§ **Exercise**: Beginning with the line where "Кроссовки Saucony модель S70999-8 Фото" appears, set down each line exactly until the records below end, and omit the pictures.

§ **Provided information**:
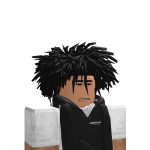 @Vibezz200k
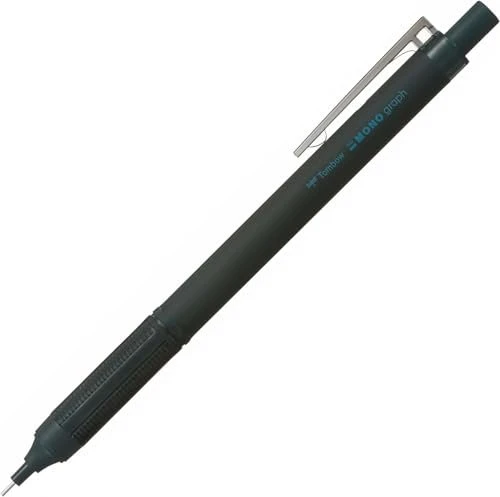 Tombow MONO graph Lite Druckbleistift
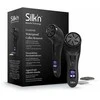 Elektrinis pėdų šveitiklis Silk'n FreshPedi Juodas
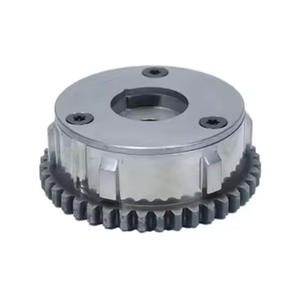 Árbol de levas 2017710 5144183 para CJ5E6C524AE/CJ5E6C524AD/CJ5E6C525AC con cojinetes - 1 año de garantía - Product Image 3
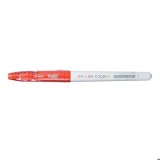 Carioca Frixion color rosu Pilot, DACRIS IMPEX SRL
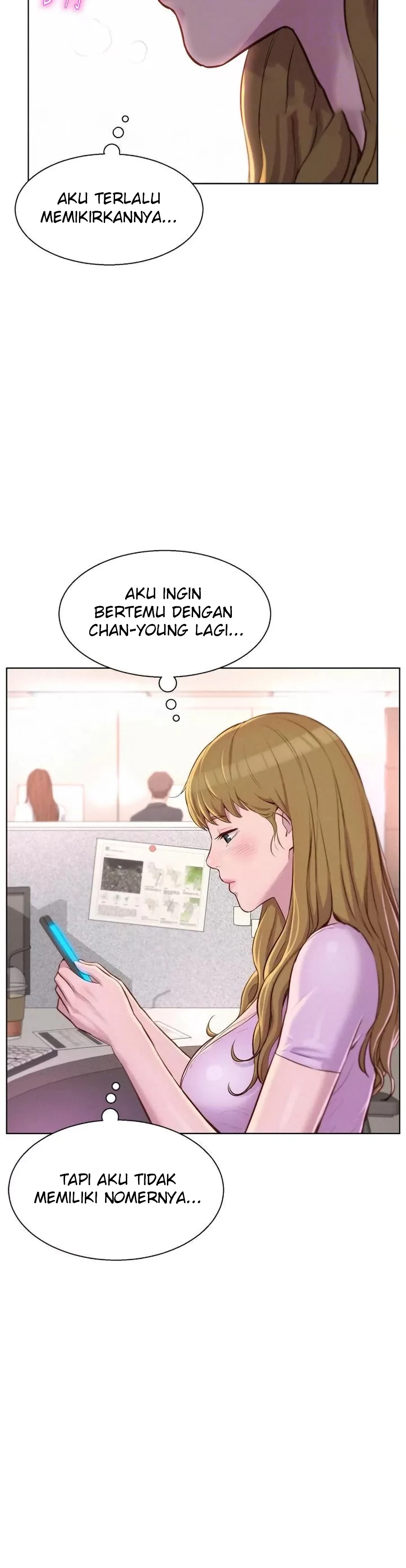 image-komik-romantic-camping-chapter-35-6/41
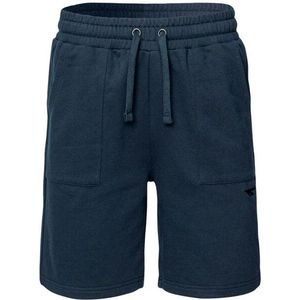 Hi-Tec Heren azyni korte broek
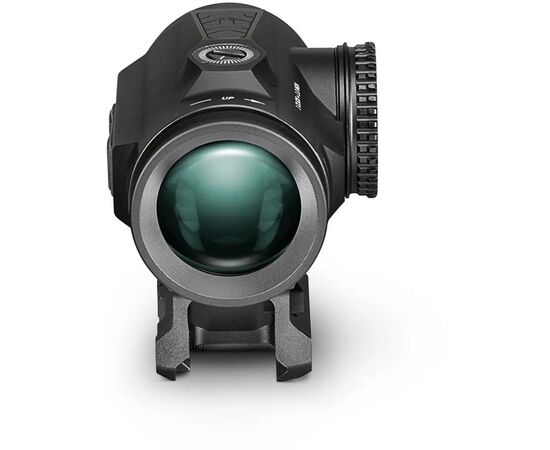 Придбати Приціл оптичний Vortex Spitfire 3x Prism II Scope AR-BDC4 Reticle (SPR-300), image , зображення 6, характеристики, відгуки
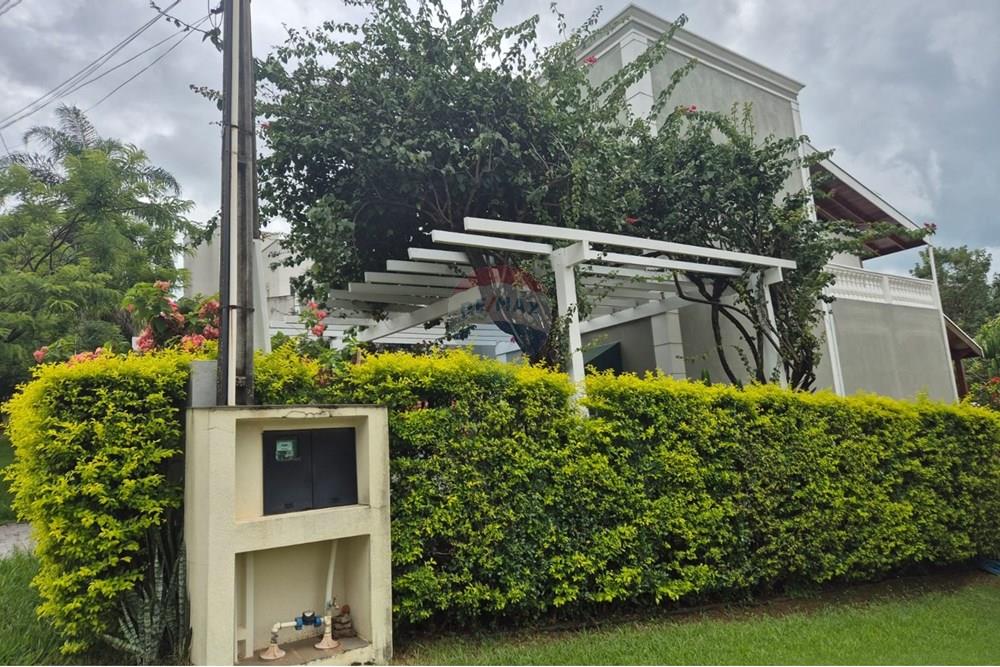 Casa de Condomínio - Alugar - Vinhedo , São Paulo - 5db043fe-d328-46e4-a7ba-9f0fc23e948a.jpg - 690851008-488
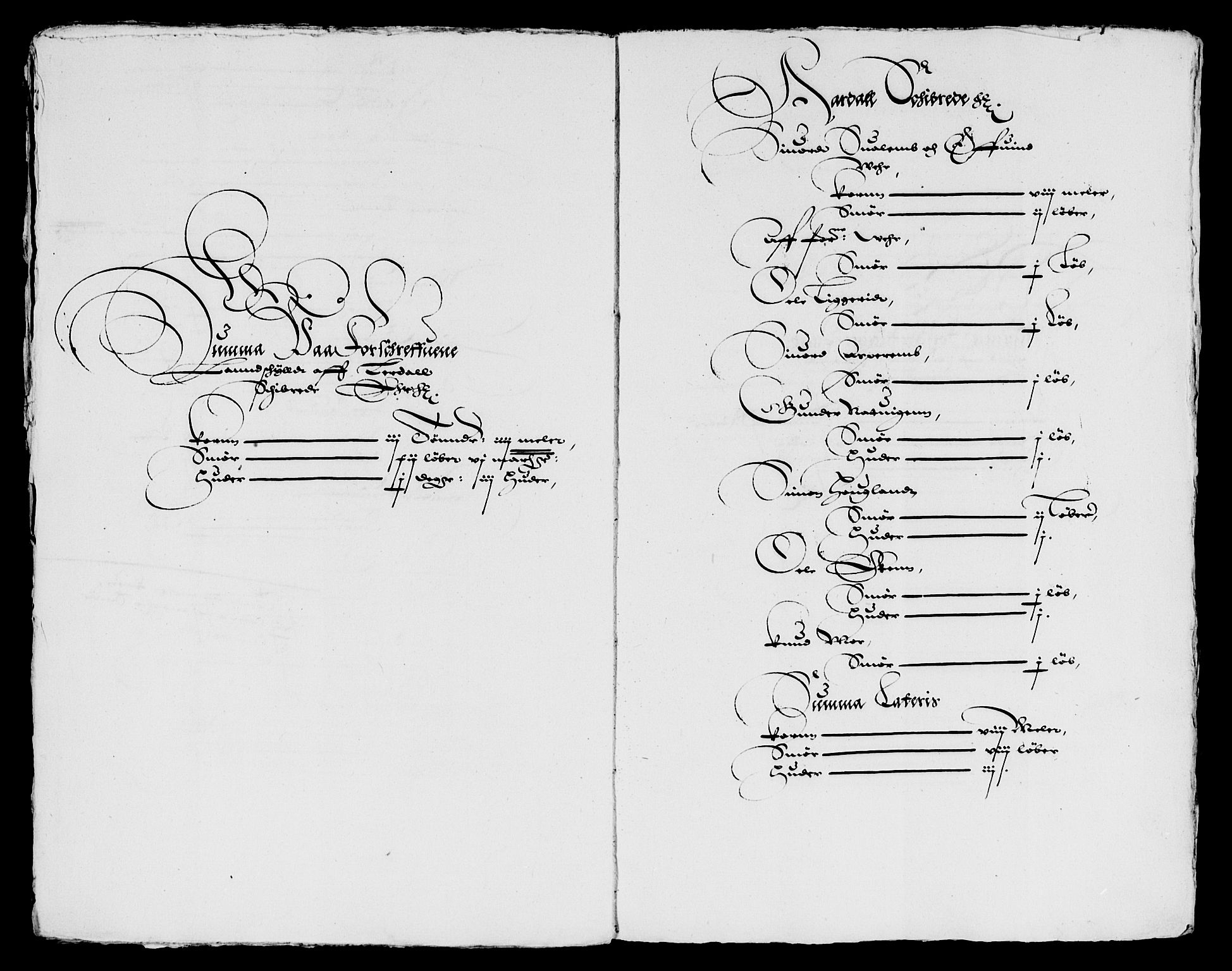 Rentekammeret inntil 1814, Reviderte regnskaper, Lensregnskaper, AV/RA-EA-5023/R/Rb/Rbt/L0041: Bergenhus len, 1626-1627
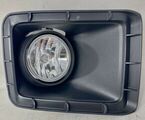 22978631 - : 2015-2020 GM Fog Light Trim for GM Image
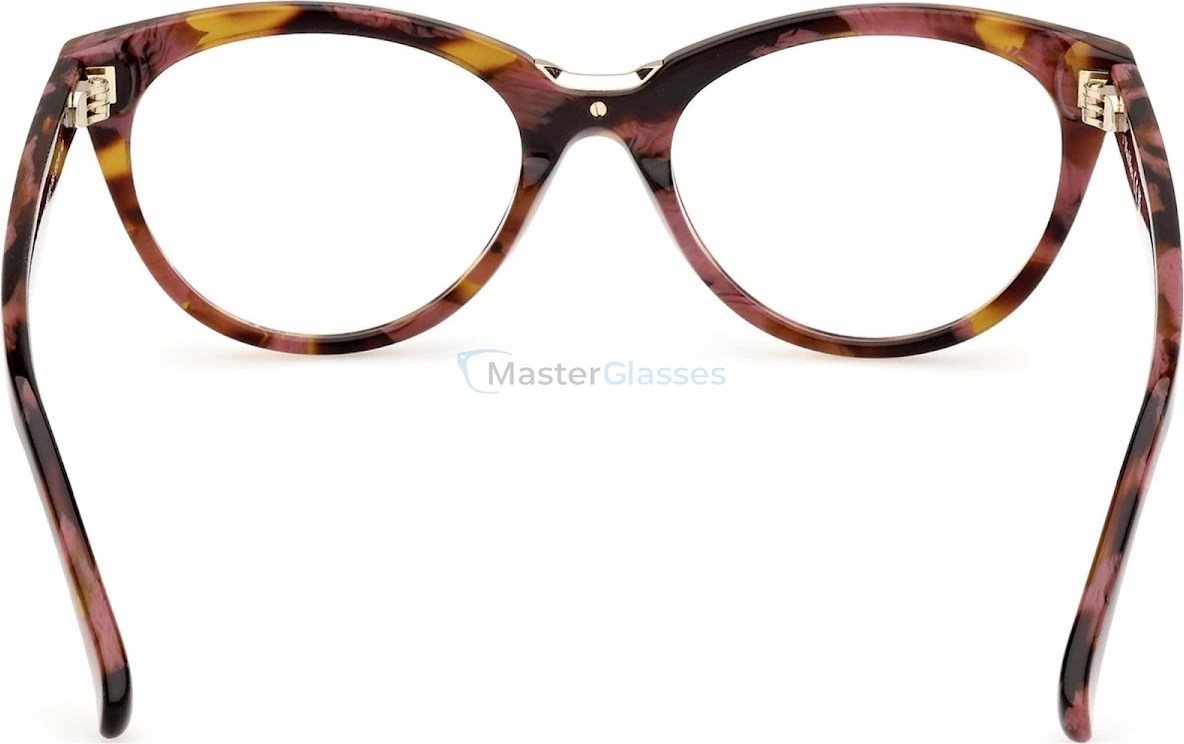  MAXMARA MM 5132 055 53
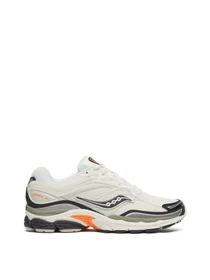 Кроссовки Saucony модель S70999-8 Фото
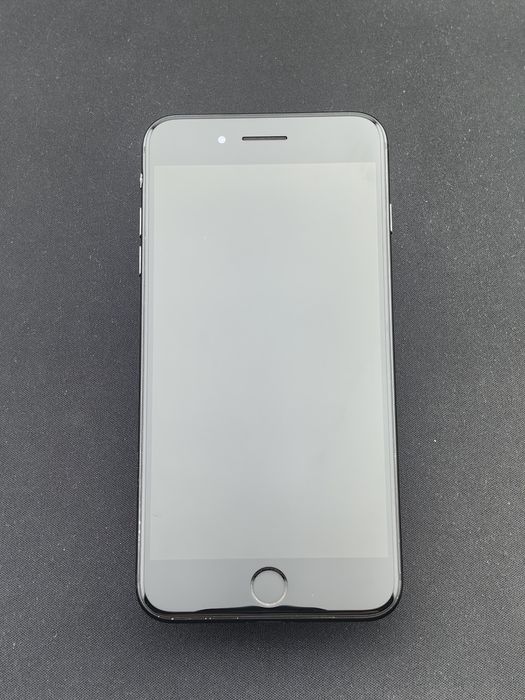 Apple iPhone 7 Plus 128 GB-eda737
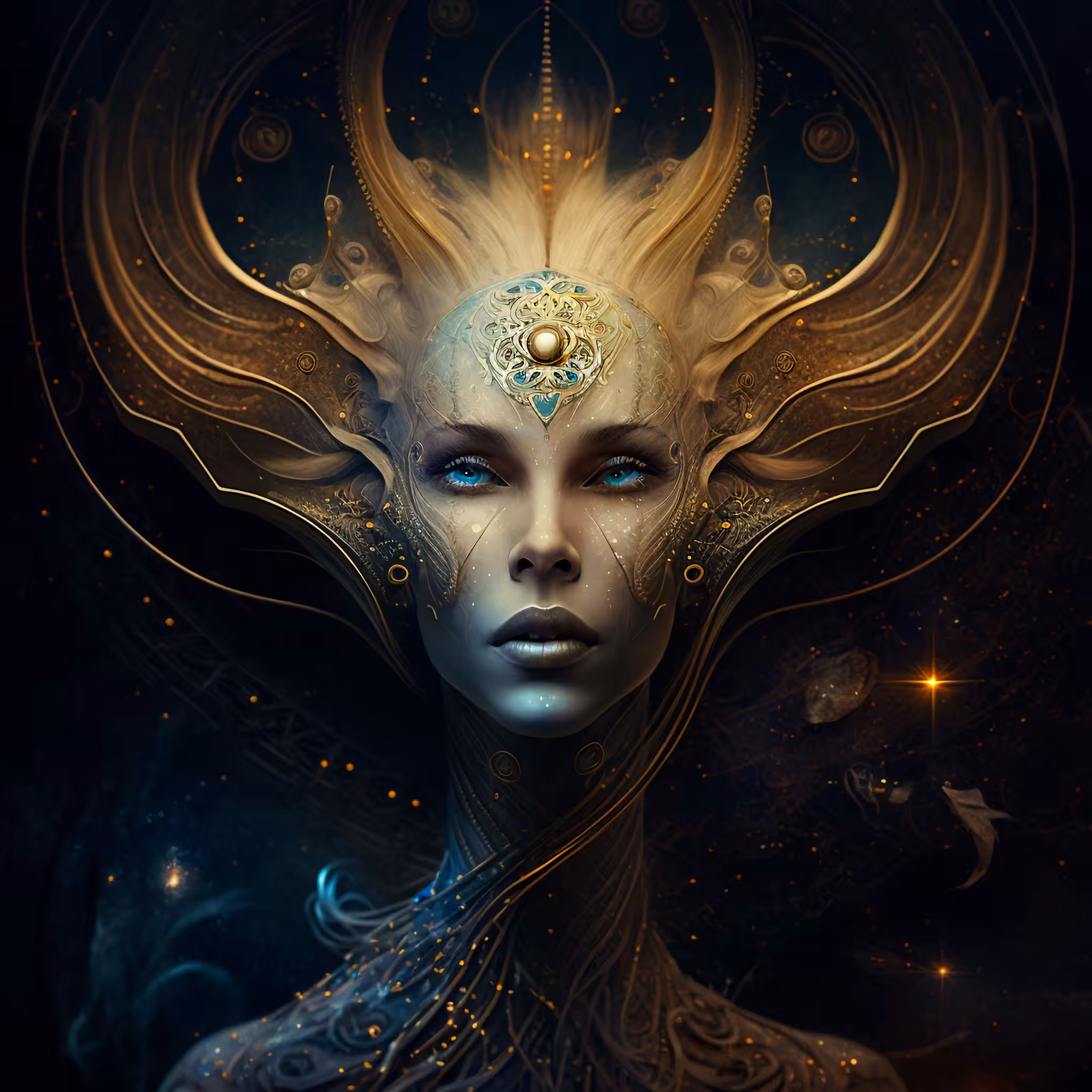 Solaris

§ **Exercise solution**:
 Кроссовки Saucony модель S70999-8 Фото
 Apple iPhone 7 Plus 128 GB-eda737
 Solaris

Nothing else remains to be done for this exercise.